4. Blocco del recettore Fc

  1. Preparare in anticipo una miscela di blocchi da 50 μl per ogni campione: combinare 48 μl di tampone di colorazione cellulare, quindi aggiungere 2 μl di soluzione bloccante Fc (tampone di colorazione cellulare: soluzione bloccante Fc = 9:1).
  2. Sospendere le celle del passaggio 3.2 nella miscela di cui sopra e lasciarle riposare a temperatura ambiente per 10 minuti.

5. Incubazione di anticorpi proteici di membrana

  1. Per ogni campione di cellule ottenuto dalla fase 4.2, preparare la miscela di anticorpi proteici di membrana aggiungendo 1,1 μl di unità di ciascun anticorpo. Quindi, aggiungere il tampone di colorazione cellulare per raggiungere un volume finale di 55 μl. A questo punto, il volume totale è di circa 100 μL.
    NOTA: Il mix include anticorpi mirati alle proteine chiave della membrana, come CD163, CCR3, CD141, CD117 e CD4524,25. Questi anticorpi sono stati selezionati per la loro specificità nell'identificazione dei marcatori proteici di membrana e sono stati ottenuti da fonti disponibili in commercio (vedere la Tabella dei materiali per i dettagli, inclusi i numeri di cloni, i produttori e i numeri di catalogo).
  2. Aggiungere 50 μl della miscela di anticorpi preparata a ciascun campione di provetta, portare il volume totale a 100 μl. Agitare delicatamente i campioni e incubarli a temperatura ambiente per 15 minuti.
  3. Aggiungere 2 mL di tampone di colorazione cellulare a ciascun campione, centrifugare a 500 x g per 5 minuti a temperatura ambiente ed eliminare il surnatante. Ripetere questo passaggio 2 volte.
  4. Scartare il surnatante e agitare brevemente il liquido rimanente con il pellet della cella per risospendere e disperdere completamente la cella.

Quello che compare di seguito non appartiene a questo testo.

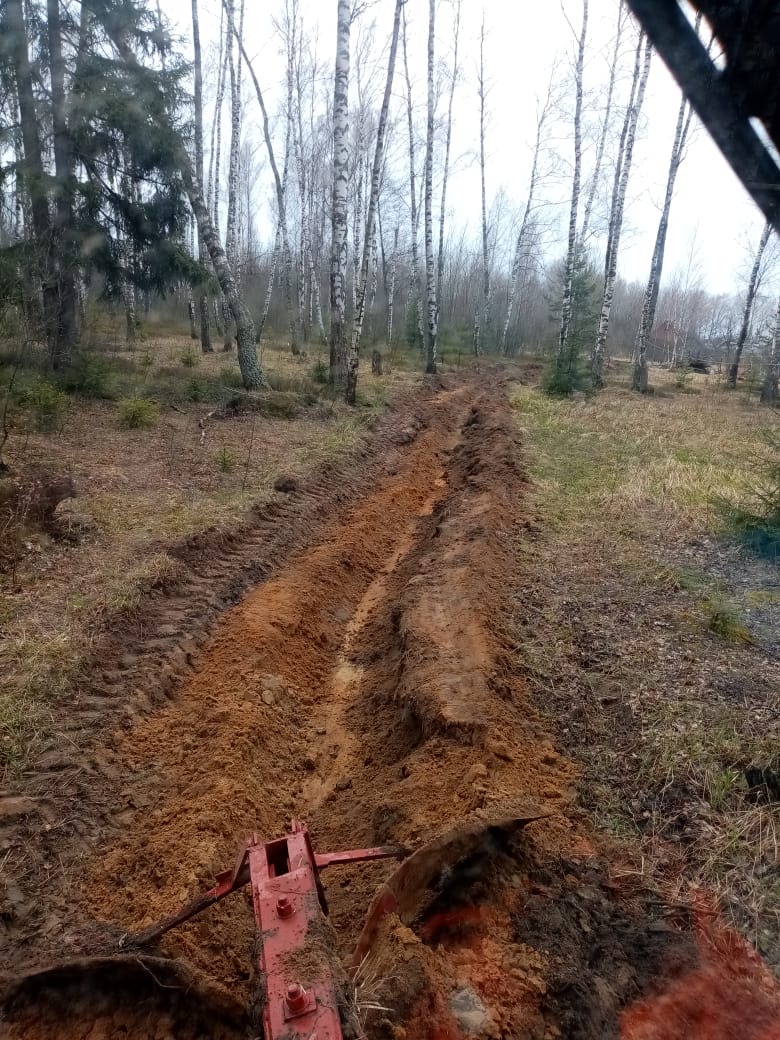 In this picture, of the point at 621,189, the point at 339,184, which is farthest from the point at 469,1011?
the point at 621,189

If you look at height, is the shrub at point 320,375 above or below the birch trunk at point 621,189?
below

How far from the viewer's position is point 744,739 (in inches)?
145

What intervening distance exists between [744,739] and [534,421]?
37.1 ft

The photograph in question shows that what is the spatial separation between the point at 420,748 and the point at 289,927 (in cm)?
189

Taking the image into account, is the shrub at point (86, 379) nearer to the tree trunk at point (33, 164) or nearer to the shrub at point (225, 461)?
the tree trunk at point (33, 164)

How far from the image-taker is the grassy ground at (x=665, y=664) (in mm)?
3152

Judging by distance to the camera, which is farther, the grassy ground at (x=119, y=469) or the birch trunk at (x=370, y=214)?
the birch trunk at (x=370, y=214)

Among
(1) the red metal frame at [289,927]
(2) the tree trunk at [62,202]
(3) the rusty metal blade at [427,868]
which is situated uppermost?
(2) the tree trunk at [62,202]

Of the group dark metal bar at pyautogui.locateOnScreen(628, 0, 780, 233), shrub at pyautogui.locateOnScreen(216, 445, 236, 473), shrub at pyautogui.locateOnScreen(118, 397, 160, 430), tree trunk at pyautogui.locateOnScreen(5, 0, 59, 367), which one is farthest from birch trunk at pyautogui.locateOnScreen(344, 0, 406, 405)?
dark metal bar at pyautogui.locateOnScreen(628, 0, 780, 233)

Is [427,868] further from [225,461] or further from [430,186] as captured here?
[430,186]

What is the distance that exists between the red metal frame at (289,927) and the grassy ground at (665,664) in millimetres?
1427

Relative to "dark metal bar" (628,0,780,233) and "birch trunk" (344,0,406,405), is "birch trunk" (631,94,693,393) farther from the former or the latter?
"dark metal bar" (628,0,780,233)

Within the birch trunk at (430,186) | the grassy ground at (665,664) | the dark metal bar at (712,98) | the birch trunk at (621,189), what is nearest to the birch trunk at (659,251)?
the birch trunk at (621,189)

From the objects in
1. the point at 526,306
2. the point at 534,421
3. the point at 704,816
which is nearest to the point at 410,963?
the point at 704,816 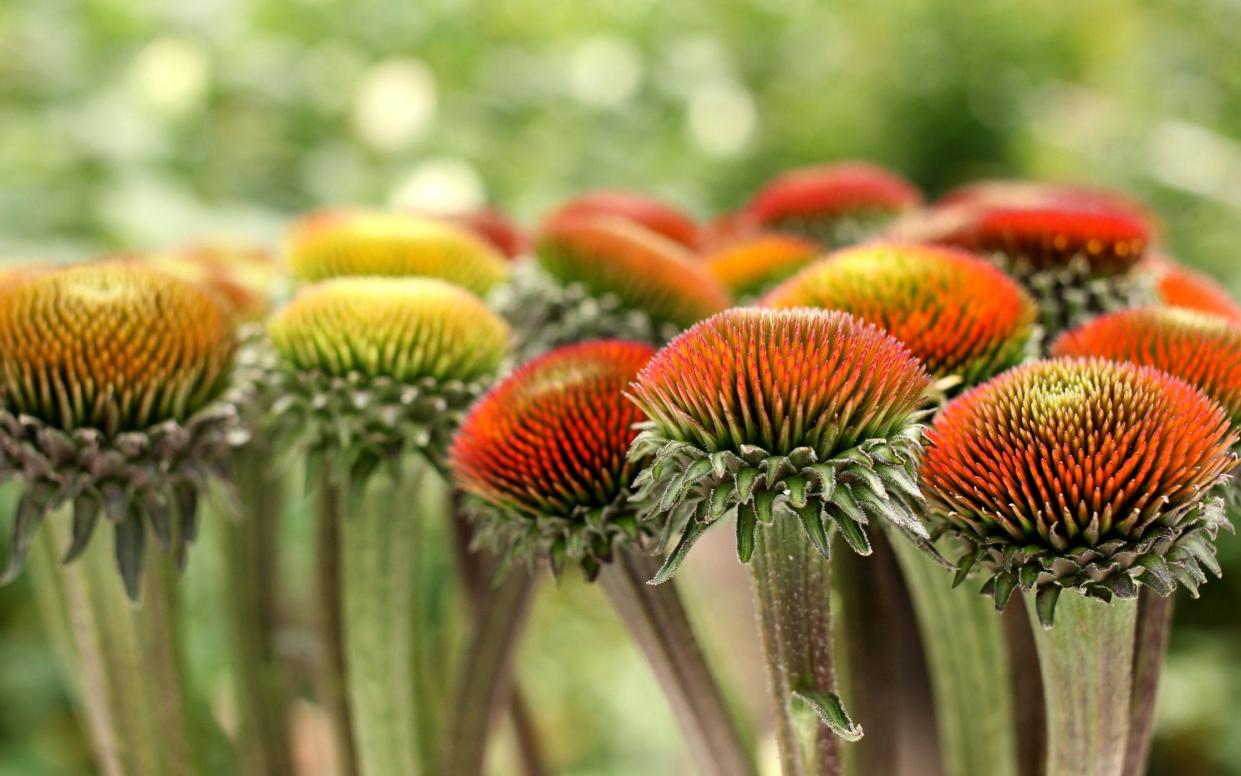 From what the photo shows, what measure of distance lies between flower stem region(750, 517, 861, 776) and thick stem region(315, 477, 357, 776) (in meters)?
0.30

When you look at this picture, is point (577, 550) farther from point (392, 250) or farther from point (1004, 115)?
point (1004, 115)

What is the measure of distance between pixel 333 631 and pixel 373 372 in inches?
8.3

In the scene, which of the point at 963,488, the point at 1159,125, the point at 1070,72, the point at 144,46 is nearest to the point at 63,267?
the point at 963,488

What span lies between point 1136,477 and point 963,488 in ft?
0.18

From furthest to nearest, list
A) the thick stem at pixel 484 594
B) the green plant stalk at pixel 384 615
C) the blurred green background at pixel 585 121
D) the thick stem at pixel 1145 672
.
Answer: the blurred green background at pixel 585 121
the thick stem at pixel 484 594
the green plant stalk at pixel 384 615
the thick stem at pixel 1145 672

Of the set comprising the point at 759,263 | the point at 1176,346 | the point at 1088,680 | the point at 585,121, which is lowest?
the point at 1088,680

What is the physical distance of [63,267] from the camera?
0.58 meters

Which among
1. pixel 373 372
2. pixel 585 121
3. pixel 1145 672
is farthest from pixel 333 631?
pixel 585 121

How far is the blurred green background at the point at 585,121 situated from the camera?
149cm

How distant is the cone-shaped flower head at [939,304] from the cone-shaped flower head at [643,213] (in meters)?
0.28

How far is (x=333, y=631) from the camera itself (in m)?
0.67

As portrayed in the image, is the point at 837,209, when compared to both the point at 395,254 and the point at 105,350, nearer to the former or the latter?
the point at 395,254

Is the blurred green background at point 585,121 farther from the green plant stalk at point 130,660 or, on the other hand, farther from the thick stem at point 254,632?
the green plant stalk at point 130,660

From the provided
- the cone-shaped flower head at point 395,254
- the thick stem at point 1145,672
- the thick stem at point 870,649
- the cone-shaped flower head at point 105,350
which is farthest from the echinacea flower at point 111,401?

6. Colorazione delle proteine del nucleo

  1. Una volta che le cellule sono state completamente risospese, aggiungere 500 μl della soluzione miscelata (fissazione: fissazione/permeabilizzazione = 3:1) a ciascun campione dal passaggio 5.4. Mescolare delicatamente i campioni e incubare a temperatura ambiente per 30 minuti.
  2. Diluire il tampone di permeabilizzazione (10x) con acqua deionizzata. Dopo l'incubazione, centrifugare a 500 g per 5 minuti a temperatura ambiente ed eliminare il surnatante. Aggiungere 1000 μl di tampone di permeabilizzazione 1x a ciascuna provetta per lavare le cellule. Centrifugare a temperatura ambiente a 1.000 x g per 5 minuti, quindi eliminare il surnatante.
  3. Risospendere gli anticorpi in un tampone di permeabilizzazione 1x. Scartare il surnatante e aggiungere 50 μl della miscela di anticorpi a ciascuna provetta di cellule. Pipettare delicatamente le cellule per mescolarle, quindi incubare a temperatura ambiente per 30-45 minuti.
  4. Aggiungere 1000 μl di tampone di permeabilizzazione 1x a ciascuna provetta, centrifugare a temperatura ambiente a 1.000 x g per 5 minuti ed eliminare il surnatante.
  5. Aggiungere 1000 μl di tampone di colorazione cellulare a ciascuna provetta per risospendere nuovamente le cellule, centrifugare a temperatura ambiente a 1.000 x g per 5 minuti e scartare il surnatante.

7. Fissazione cellulare

  1. Preparare una soluzione di formaldeide all'1,6% in PBS, con 1 mL necessario per campione.
  2. Aggiungere 1 mL di soluzione di formaldeide all'1,6% a ciascun campione dal passaggio 6.5, agitare per miscelare accuratamente e incubare a temperatura ambiente per 10 minuti.
    NOTA: Sebbene la formaldeide sia comunemente utilizzata per la fissazione cellulare, è possibile utilizzare anche reagenti alternativi come la paraformaldeide al 4% (PFA) o il metanolo. La scelta del fissativo deve essere basata sui requisiti specifici dell'esperimento e sulle caratteristiche cellulari da osservare.
  3. Centrifugare a temperatura ambiente a 800 x g per 5 minuti ed eliminare il surnatante.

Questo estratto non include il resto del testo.